Come 2020, Virginia could finally pass legislation – we hope! – to protect trans students. A new bill for the 2020 General Assembly session, HB145 by Del. Marcus Simon (D-Fairfax/Falls Church), will mandate that the Virginia Department of Education (VDOE) develop guidelines about how schools should welcome transgender students, and that all school systems have a policy in place by the 2021-22 school year.

Many school districts in Virginia already include gender identity in their non-discrimination policies, and several have adopted (or are developing) plans detailing the ways in which trans students are to be welcomed and included in their school systems. HB145 lays out a framework for the sort of guidelines VDOE should develop for school systems. If the bill is passed, the community input process will be important to ensure that the actual guidelines and policies follow best practices for our students. These best practices, by the way, can be found in hundreds of similar policies implemented in dozens of states over the past two decades. In other words, Virginia is not setting trends here, but instead is finally catching up to best practices around the country.

To highlight what’s at stake here, consider this recent comment from a parent of a transgender child in Virginia:

“Imagine that over three years in school you develop routines and adaptations about where and when you can go to the bathroom safely, without bothering anyone else. Then your school hires a new principal who takes away one of the two bathrooms that you can use, and  locates the other where it is inaccessible to you. You have to not eat and drink in school now, and “hold it” until you get home. That principal doesn’t understand. This is what happened to our son. Virginia needs to have a uniform policy for gender diverse students.”

Or how about this, by a leader of a support group for parents of trans kids:

“Parents seek support for the kids, how to protect them, and how to navigate the school system.
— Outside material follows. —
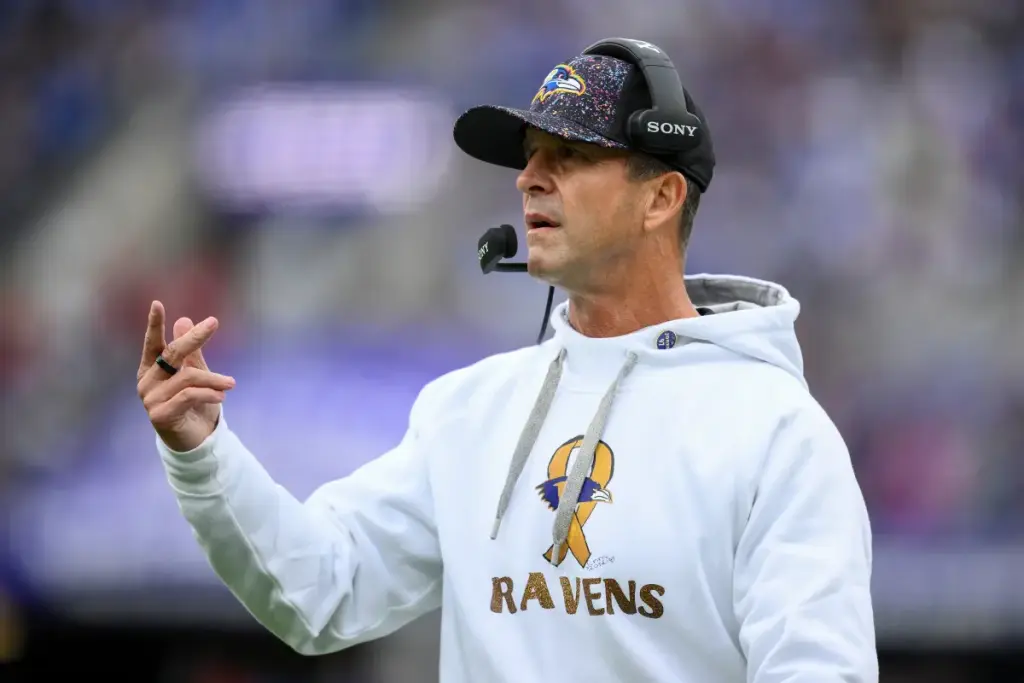 Dolphins' GM appointment might keep Giants interested in John Harbaugh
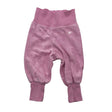 Unisex Lindex - Dressikangast püksid, suurus 56 - 62 - Heleroosa ()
These parents fear for their kids when they are at school, feat of bullying, of not drinking enough water so they not have to use the restroom, of not wanting to go to school at all, and the fear that their kids may not want to live anymore.”

Or this statement from a trans person:

“Being transgender is hard, but we are sure of our gender. I knew when I was 6, but it took me years of fear and pain to find my way. Transgender kids today have the opportunity to live  without those years of fear and pain.”

All of these people, and many more like them, are hoping fervently that the General Assembly enacts HB145, starting the process of Virginia setting policies in schools that make getting an education possible for transgender binary and non-binary students.